New chief executive Ross McEwan is under pressure to restore RBS's reputation with the general public and its political masters after a torrid year of fines, customer complaints and technology problems.
"We are the least trusted bank in the least trusted sector in the marketplace," Ross McEwan told reporters on Thursday. "Let's be quite clear. We are too expensive, we are too bureaucratic and we need to change."
The bank posted an 8.2 billion pound ($13.64 billion) loss for 2013 due to restructuring costs and misconduct charges. RBS has lost a total of 46 billion pounds since it was bailed out during the financial crisis in 2008, equivalent to the amount of money taxpayers poured into it.

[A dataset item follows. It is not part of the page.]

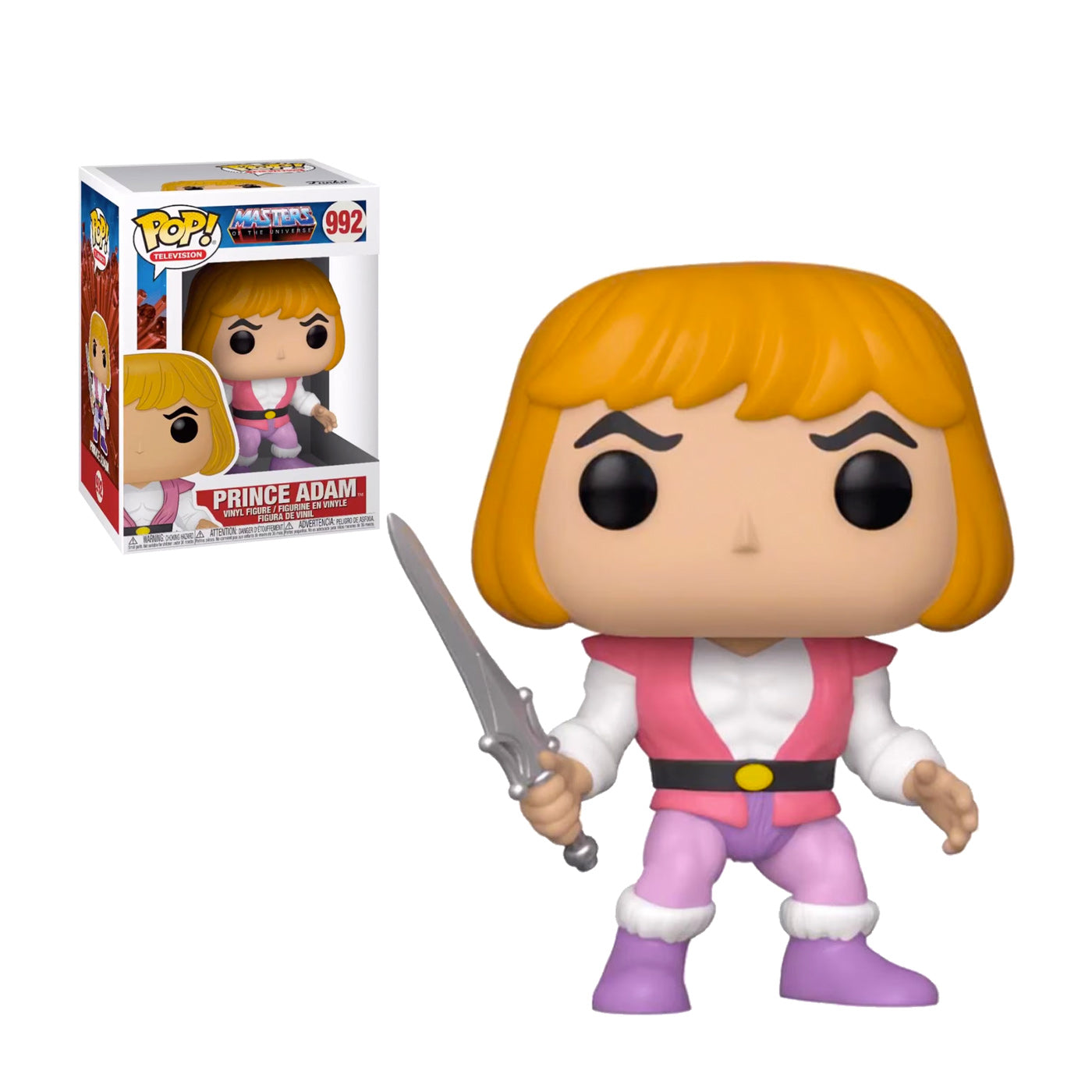 Funko Pop: Prince Adam (992)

RBS, 81 percent owned by the government, is years away from moving into private ownership and needs to win over public and political opinion to smooth its path out of state control.
The government pushed out Ross McEwan's predecessor, Stephen Hester, last year partly because of his continuing commitment to the bank's large investment banking franchise.

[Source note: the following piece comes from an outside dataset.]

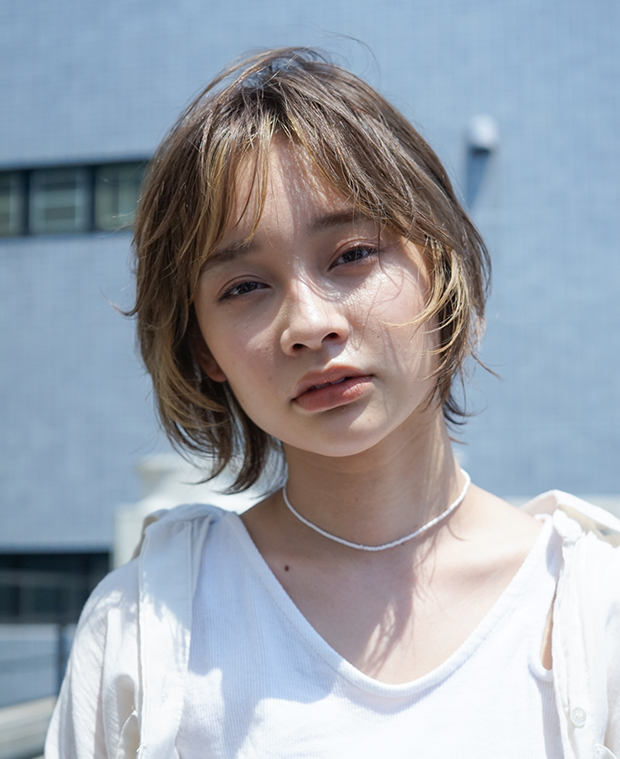 HAIR CATALOG.JP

Ross McEwan wants to simplify the bank, cutting its divisions from seven to three, reducing investment banking and shrinking its hundreds of committees.

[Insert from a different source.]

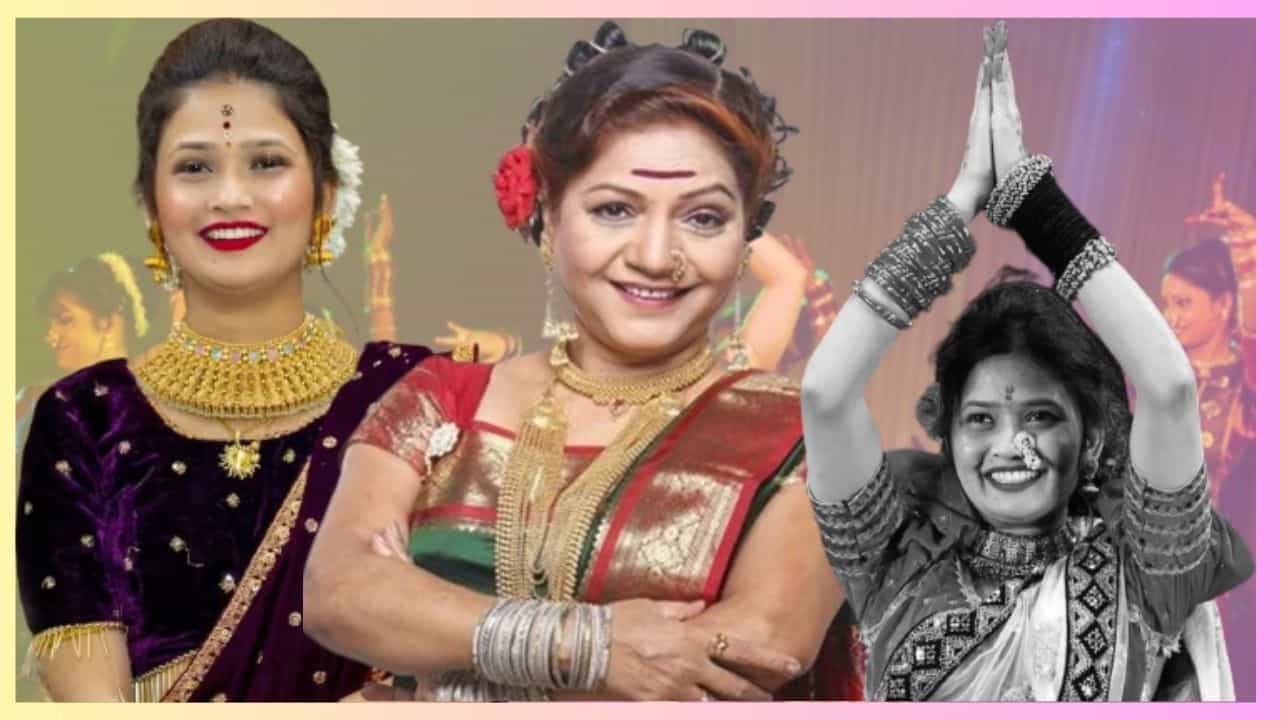 सुरेखा पुणेकर यांचे नाव घेत गौतमी पाटील हिला कुणाचा इशारा? 'तर महाराष्ट्राचा बिहार व्हायला...'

He said the decision to focus the bank around three core areas - retail, commercial and corporate - and to concentrate 80 percent of the bank's assets in the UK, from 60 percent currently, was not politically motivated.
"This is our plan. We own it," he said.
RBS is planning to cut costs by 5.3 billion pounds, or 40 percent, over the next three to four years, with 3.1 billion of that coming from the sale of businesses such as its U.S. retail franchise Citizens and the rest from cutting overheads.
In the meantime, RBS warned that there would be "elevated" restructuring costs over the next two years to get the bank's customer service up to scratch and its costs down.
The bank also said there would be a lag before RBS reaped the benefit of a UK economic recovery.
Analysts said it would take some time for investors to see the benefit of the restructuring.
"We see the strategic plan as setting out a realistic pathway to more sustainable earnings and a lower cost of equity," Morgan Stanley analysts said in a note to clients.
RBS was the biggest faller among European banking stocks , down 6.5 percent in morning trade.
RBS's global ambitions nearly brought the bank to collapse during the financial crisis and it has made huge progress in slashing 1 trillion pounds off what was once the biggest balance sheet in the world.
But RBS has become, as one parliamentarian put it this week, "the unacceptable face of British banking". While taxpayers sit on a paper loss of around 14 billion pounds from their bailout of the bank, it has continued to pay bumper bonuses.
This year, RBS is paying out 576 million pounds in staff bonuses for 2013, down 15 percent on the year before.
"We need to be pragmatic. I need to pay these people fairly in the market place to do the job," Ross McEwan said.
Ross McEwan, a New Zealander who joined RBS from Commonwealth Bank of Australia, also wants to end RBS's practice of offering cheaper rates, known as "teasers" to new customers.
"I find it abhorrent that you would give a better rate to a new customer than you would to somebody who has been with you for 30 years." he said.
The bank, which employs 12,000 people in Scotland and has its headquarters in Gogarburn, to the west of Edinburgh, said that it was monitoring the debate about Scottish independence.
"This is a huge issue for Scotland and we are neutral and won't do anything to raise the temperature of that vote," Ross McEwan said.